Tanlines Come HomeNovember 30th, 2012
Tanlines – Webster Hall – November 29, 2012
Scanning through Tanlines’ Twitter feed to do research, I repeatedly encountered a strange emoticon, the winky sad. Of course, I had absolutely no idea what Jesse Cohen (percussion) and Eric Emm (guitars and vocals) were trying to get across by using this weird symbol. I found it completely indecipherable—take, for example, this gem about taking the sticker off of an apple—and furthermore, utterly un-Googleable. The cynical New Yorker in me assumed that it was a weak attempt at ironic humor, which would have been an unforgivable offense in my eyes. But I wanted to give the celebrated duo a fair shot, so I asked my Facebook friends if they could figure out the answer. And as it turns out, the sad-winky is a thoroughly practical emoticon—it denotes making a joke about something that is decidedly sad.
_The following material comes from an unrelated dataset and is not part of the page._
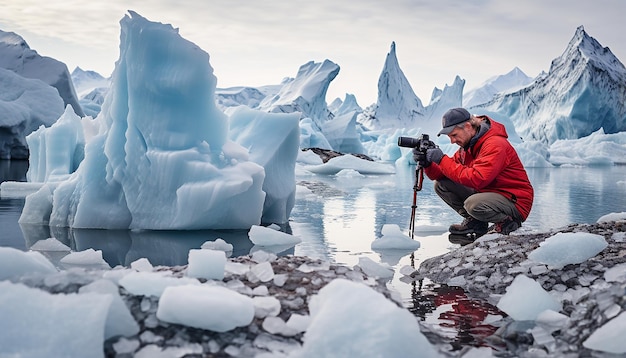 Fotograf, der Bilder von Gletschern macht, die aufgrund der globalen Erwärmung schmelzen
Instead of using irony to deflect criticism and cover up insecurity, Cohen and Emm are embracing their lameness and displaying it for all the world to see. Essentially, they’re just two guys trying to have fun and make music free of pretension. That’s exactly how their debut full-length, Mixed Emotions, came off, and that’s exactly how they sound live. “This is our homecoming show,” Cohen told the absolutely packed house toward the beginning of the set last night. “We’ve been gone all year, and I’m glad everyone came.” You could truly sense the sincere joy they felt in being back in New York City. Later, Cohen even spoke about how nice it was to be able to walk down the street and get a bowl of borscht.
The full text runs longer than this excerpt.